Electronics Times, June 12, 2000

The traditional Harvard architecture has had its day as more designs move to system-on-chip, according to Lucent Microelectronics.

It has developed a chip for the next generation of wireless basestations that integrates three StarCore SC140 DSP, developed with Motorola, and 6Mbits of global, unified memory.

The only way to integrate all this together is to use a split transaction bus, says Steve Dodsworth, manager of the wireless infrastructure applications group in Europe.

Lucent's research arm Bell Labs has developed a 128bit split transaction bus that runs at the 300MHz speed of the DSP cores.
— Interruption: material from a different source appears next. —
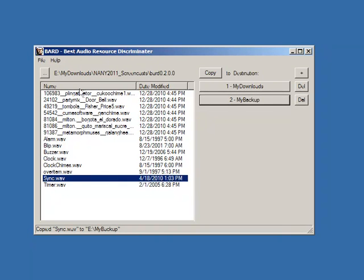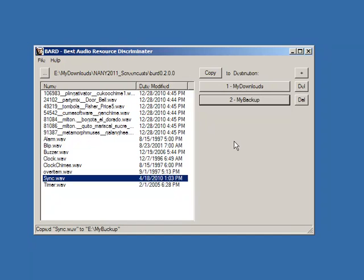A very quick way to move and copy audio files and sort them into different directories. You can add as many different directories as you need. Very useful if you've got lots of audio files that need sorting. That's a program called the BARD.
The resulting chip, the StarPro 2000, previously code-named Chameleon, produces 3600 MMAC/s or 9000mips, but it is the channel density that is more important, says Dodsworth.

The whole chip has been optimised for third-generation (3G) algorithms, with 16Kbyte data buffers on each core and 8Kbit program and data caches, handling up to 64 channels of voice or 64 channels of V.90 modem data.
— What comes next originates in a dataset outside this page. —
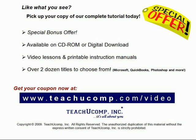Like what you see? Get your special discount offer on the complete tutorial at www.teachucomp.com slash video. Over two dozen titles are available in Microsoft Office, QuickBooks, Photoshop, and much more.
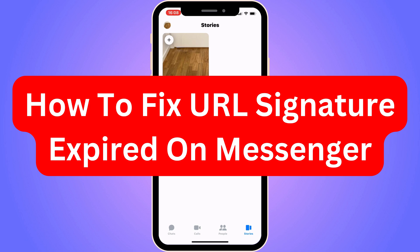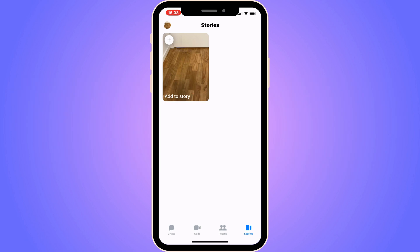Do you want to be able to fix URL signature expired on Messenger? Well then you have come to the perfect video, because in this video I'm going to show you step by step exactly how to fix this. It is very important that you watch this video until the very end and follow along step by step for it to work.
The new architecture has been the only way to keep the power under 1.5W with a 1.5V core and 3.3V and 2.5V I/O.

The 0.16 micro m drawn process allows the chip to be packaged in a standard plastic ball grid array rather than a thermally enhanced package.

Dodsworth said: "Some of the pico basestation designs we are working on with customers are the size of an A4 pad and you can't have large heatsinks and large power supplies in them."

The split transaction bus approach will be even more key in the future as Lucent is looking to add customers' asics into the StarPro chip.

"Some of the 3G asics are around one million gates, and that is less than 10 square millimetres on the chip, but that's for the next process generation."